History of the Peloponnesian War

Thucydides

Thucydides. The Peloponnesian War. London, J. M. Dent; New York, E. P. Dutton. 1910.

The same winter the Lacedaemonian Hippocrates sailed out from Peloponnese with ten Thurian ships under the command of Dorieus, son of Diagoras, and two colleagues, one Laconian and one Syracusan vessel, and arrived at Cnidus, which had already revolted at the instigation of Tissaphernes.

When their arrival was known at Miletus, orders came to them to leave half their squadron to guard Cnidus, and with the rest to cruise round Triopium and seize all the merchantmen arriving from Egypt.

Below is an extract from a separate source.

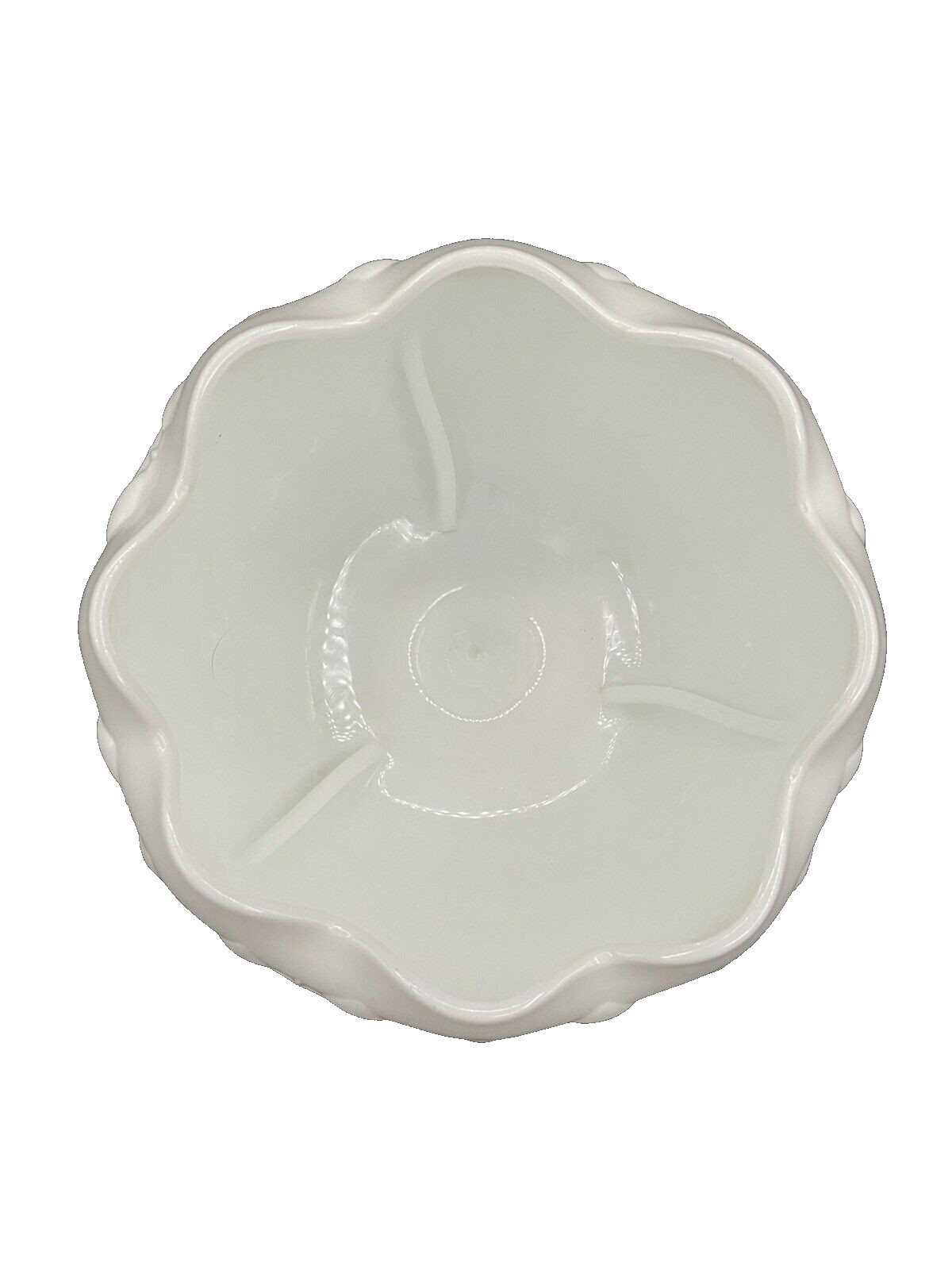 Indiana Glass Co Quilted Diamond Milk Glass Pedestal Compote Dish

Triopium is a promontory of Cnidus and sacred to Apollo.

This coming to the knowledge of the Athenians, they sailed from Samos and captured the six ships on the watch at Triopium, the crews escaping out of them.

After this the Athenians sailed into Cnidus and made an assault upon the town, which was unfortified, and all but took it;

and the next day assaulted it again, but with less effect, as the inhabitants had improved their defences during the night, and had been reinforced by the crews escaped from the ships at Triopium.

The Athenians now withdrew, and after plundering the Cnidian territory sailed back to Samos.